Experts have described the proposal as “a good move” as it will reduce the two countries’ dependence on the US dollar.
Read the joint statement between Tanzania and India in full here to find out areas of cooperation that the two nations have agreed on.
Two Tanzanians missing in Israel following Hamas attacks
Tanzania’s embassy in Israel is trying to trace the whereabouts of two Tanzanian students said to be missing in the region of Israel, which was hit by the Hamas attack at the weekend, the BBC reported on Monday.
Ambassador Alex Kallua told BBC that his mission has been to be in contact with approximately 350 Tanzanians around the country, most of them students.
“We understand that two students are missing in south Israel, where the situation is not okay,” the envoy said. “The two were on their internship pursuing agri-business studies.”
“We believe the two are fine and hope to get them safe,” he added. “The embassy is also closely monitoring the situation to have everyone safe.”
Around 350 Tanzanians are living in Israel, including around 260 students pursuing agricultural programmes, according to the embassy.
Activists in Zanzibar call for more women’s participation in leadership
A consortium of three non-governmental organisations has released a circular identifying key legal and policy gaps constraining women’s participation in political and democratic leadership in the semi-autonomous archipelago of Zanzibar.
The organisations – Tanzania Media Women’s Association in Zanzibar (TAMWA – Z), Zanzibar Female Lawyers Association (ZAFELA) and Pemba Environmental and Gender Protection Community (PEGAO) – issued the circular on October 5, 2023.
The circular comes at a time when Tanzania and Zanzibar are preparing for general elections due to take place in 2025, where people will have the chance to vote for councillors, members of parliament, members of the House of Representatives (Zanzibar), and presidents.
Women are unfairly represented in political and democratic leadership in Zanzibar, representing only 38 per cent of the House of Representatives, according to the circular that the three organisations issued.
Full story here.
Second International Conference on FGM kicks off in Dar
The Second International Conference on Female Genital Mutilation (FGM) kicked off in Dar es Salaam on Monday, with the Minister for Community Development, Gender, Women and Special Groups, Dr Dorothy Gwajima, calling on actors to prioritise the fight against FGM to save girls’ welfare.
Organised by the African Union Commission, the conference will see hundreds of delegates from 21 African countries arriving at the Julius Nyerere International Convention Centre in Dar es Salaam to deliberate on ways to end the practice in Africa.

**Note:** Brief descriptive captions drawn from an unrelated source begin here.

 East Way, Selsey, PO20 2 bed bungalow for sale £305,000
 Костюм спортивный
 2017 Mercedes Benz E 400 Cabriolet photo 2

An estimated 55 million girls under the age of 15 in 28 African countries have experienced or are at risk of experiencing FGM, which remains prevalent in parts of West, East, Central, and Northern Africa.
Officiating the three-day conference, Dr Gwajima said enough is enough with FGM, saying the practice needs to stop now to allow girls to live decent lives not associated with health risks.
“We have to develop long-lasting solutions to the practice,” Dr Gwajima called on conference participants. “We have to address this issue at the local level by engaging traditional and religious leaders as well as people’s associations.”
The Tanzanian minister also called on all actors to prioritise the fight against FGM just like they do with other issues, pleading for more funding to end the scourge of FGM in Africa.
“We have a very short funding for this issue,” Dr Gwajima revealed. “We have to assign FGM the same priority we assign to such issues as education and health. Ending FGM is synonymous with empowering girls and women across the continent socially and economically.”
Over 200 million girls and women alive today have undergone the practice, according to the World Health Organization (WHO).
FGM is mostly carried out on young girls between infancy and age 15 and is considered a violation of the human rights of girls and women.
Treatment of the health complications of FGM is estimated to cost health systems US$1.4 billion per year, according to WHO, a number expected to rise unless urgent action is taken towards its abandonment.